Look through the data that follows and copy each line with the string "Toyota".
---------- Provided data
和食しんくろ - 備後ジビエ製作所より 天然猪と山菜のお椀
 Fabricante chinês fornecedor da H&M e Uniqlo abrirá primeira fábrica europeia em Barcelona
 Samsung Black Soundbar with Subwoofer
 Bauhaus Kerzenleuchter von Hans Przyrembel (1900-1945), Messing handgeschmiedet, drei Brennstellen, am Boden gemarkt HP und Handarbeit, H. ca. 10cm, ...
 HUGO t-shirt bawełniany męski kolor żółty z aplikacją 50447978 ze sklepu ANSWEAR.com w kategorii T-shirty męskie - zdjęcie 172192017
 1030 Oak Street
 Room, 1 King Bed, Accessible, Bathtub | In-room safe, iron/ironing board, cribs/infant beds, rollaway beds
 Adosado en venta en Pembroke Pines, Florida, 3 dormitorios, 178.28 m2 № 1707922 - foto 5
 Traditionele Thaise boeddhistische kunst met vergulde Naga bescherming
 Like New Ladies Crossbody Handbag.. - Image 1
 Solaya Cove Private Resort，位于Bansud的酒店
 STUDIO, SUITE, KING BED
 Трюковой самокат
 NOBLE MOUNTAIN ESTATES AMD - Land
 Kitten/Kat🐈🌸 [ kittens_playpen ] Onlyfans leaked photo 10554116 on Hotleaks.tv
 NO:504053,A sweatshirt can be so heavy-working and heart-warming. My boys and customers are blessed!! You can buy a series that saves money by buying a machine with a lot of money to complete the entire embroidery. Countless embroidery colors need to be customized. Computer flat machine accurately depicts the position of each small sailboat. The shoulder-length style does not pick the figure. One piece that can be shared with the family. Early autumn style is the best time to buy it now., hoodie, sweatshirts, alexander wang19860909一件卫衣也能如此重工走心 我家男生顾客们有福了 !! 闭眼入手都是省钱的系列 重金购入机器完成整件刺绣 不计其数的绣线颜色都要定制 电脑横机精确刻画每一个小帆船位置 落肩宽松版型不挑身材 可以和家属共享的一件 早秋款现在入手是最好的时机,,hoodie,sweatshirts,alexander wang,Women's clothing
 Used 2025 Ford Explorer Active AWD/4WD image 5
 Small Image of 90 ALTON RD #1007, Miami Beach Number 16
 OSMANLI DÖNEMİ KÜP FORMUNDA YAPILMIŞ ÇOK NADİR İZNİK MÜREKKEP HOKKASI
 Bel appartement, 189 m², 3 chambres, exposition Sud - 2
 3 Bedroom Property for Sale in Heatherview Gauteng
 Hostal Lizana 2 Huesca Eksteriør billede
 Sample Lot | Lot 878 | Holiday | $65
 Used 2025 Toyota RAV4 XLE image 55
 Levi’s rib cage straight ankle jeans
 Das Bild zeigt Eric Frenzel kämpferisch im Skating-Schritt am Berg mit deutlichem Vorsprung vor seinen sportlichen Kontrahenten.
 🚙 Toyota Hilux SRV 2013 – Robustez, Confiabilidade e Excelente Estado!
--------------------
▸ Exercise response:
 Used 2025 Toyota RAV4 XLE image 55
 🚙 Toyota Hilux SRV 2013 – Robustez, Confiabilidade e Excelente Estado!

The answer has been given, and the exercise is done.